Relationships are also inherited via group membership. If U has no relationship with P, but U is a member of a group G, and G has a relationship R with P, then U has relationship R with P as well. For example, if a student is a member of the group "csc207Students", and "csc207Students" is an observer of "/csc207", then the student is an observer of "/csc207".

Seems pretty simpleā€”at least, it seemed pretty simple to us. However, inheritance means that a user U can have several different candidate relationships with a project P. For example, U can be an explicit observer of P, but also be a member of a group G, which is a developer for P's grandparent. Which relationship should U have with P? We decided two and a half months ago to use the "strongest" relationship: we find all possible relationships via transitive closure, and if any of them allow U to perform a requested operation on P, the operation is permitted.

The problem is, that leads to Bug #36:

Users are allowed to have multiple memberships to a single project, both through inheritance and through user groups. When a user wants to change something (ie mail settings), the getMemberships(user, project) method has to decide which of these memberships to return. Currently, it returns the user's strongest membership, based on role. The problem with this is that if the user's strongest membership is an implicit one, or if it is through a user group, the user is unable to change the settings (unless an explicit membership is created for the user and project).

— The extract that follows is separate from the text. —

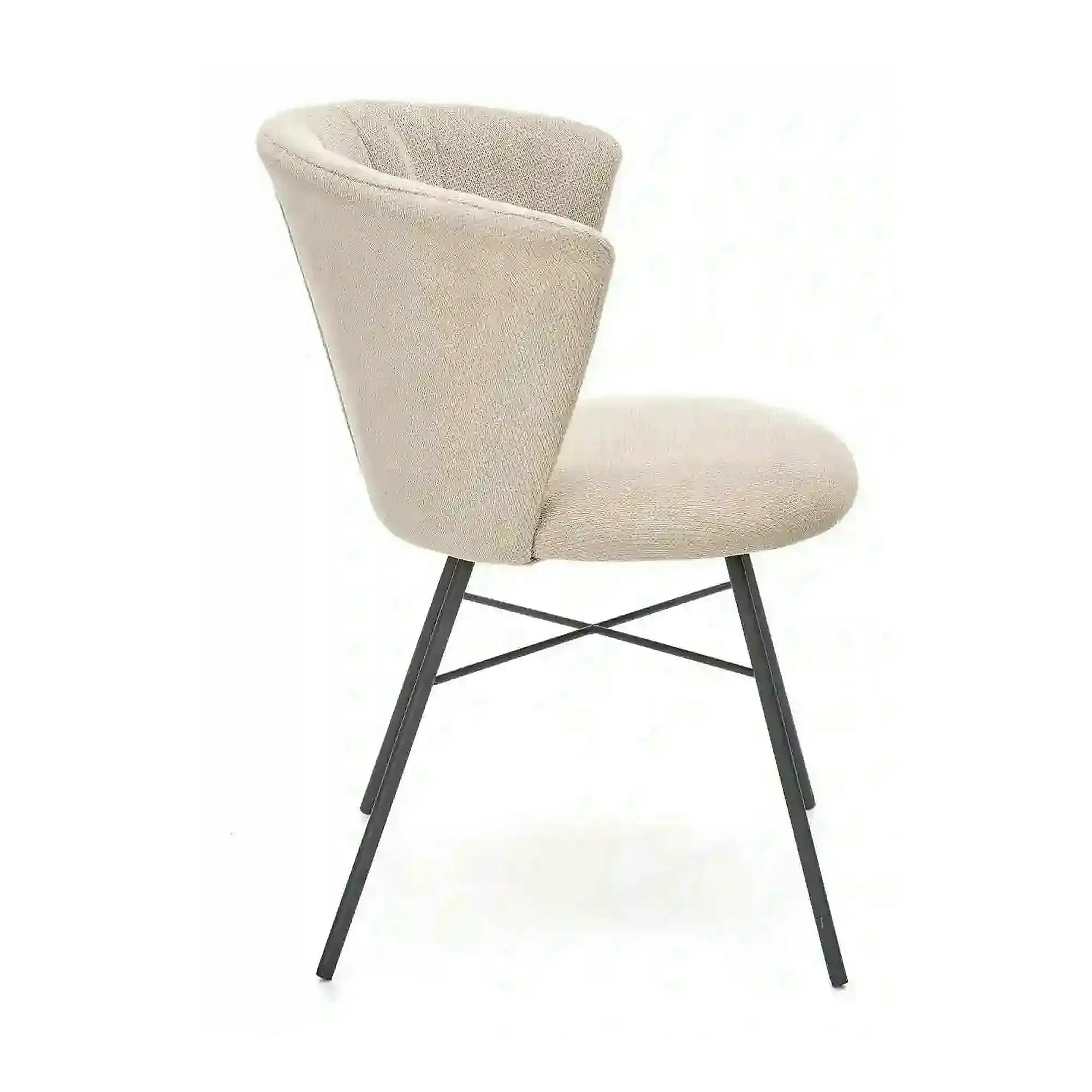 Scaun K459, bej/negru, stofa clasica/otel, 60x59x79 cm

Let's go over that again. Hippo represents relationships between users and projects using instances of the class Membership. If membership is implied, rather than direct, then when we look up U's membership in P, we sometimes get back an object representing the relationship between a group that U belongs to (directly or indirectly) and a project that is a parent of P (directly or indirectly). That's fine if we just want to find out whether or not some operation is permitted, but if we want to change U's relationship with P, what do we do? We can't change that relationship object, since that would potentially affect other users' relationships with other projects.

OK, so we don't change that object; we add a new one representing the more specific relationship. That solution fails to address Bug #37:

Another problem with implicit memberships: users cannot be deleted from projects (or have their roles changed etc.) when their membership is via a user group, unless they are removed from the group. Removing a user from a user group falls under user-user authorization, which has been deferred.

And on, and on, and on. Representing all relationships explicitly (no groups, no project tree) would make this problem go away, but we believe it would make administration much more onerous. Adopting Unix-style permissions (rwxr-xr--, anyone?) is tempting, but we worked through that three months ago, and it doesn't address all of our use cases either.

Which brings us to this posting's title. HP's marketing literature describes the product I work on in terms of authentication, authorization, and access control. Authentication means figuring out who you are; authorization means figuring out what you're allowed to do; and access control means enforcing those rules. There's a ton of literature about authentication, and a fair bit in the operating systems world about access control. By comparison, authorization is a very poor cousin indeed: you can find detailed descriptions of the schemes used in particular systems, like Unix permissions and Access Control Lists (ACLs), but there doesn't seem to be any "theory" behind it all.

Authorization seems to be one of those things that is overlooked by mainstream computing, for no good reason. Think about it: parsing and code generation are part of the standard curriculum, but implementing byte code interpreters and debuggers are not; process scheduling is, but linking is not; and so on. I don't know why some fields are "poor cousins", while others are so heavily overfarmed that they suffer from the intellectual equivalent of salinization, but perhaps there is scope here for both innovative research, and for new languages or programming models to make some headway.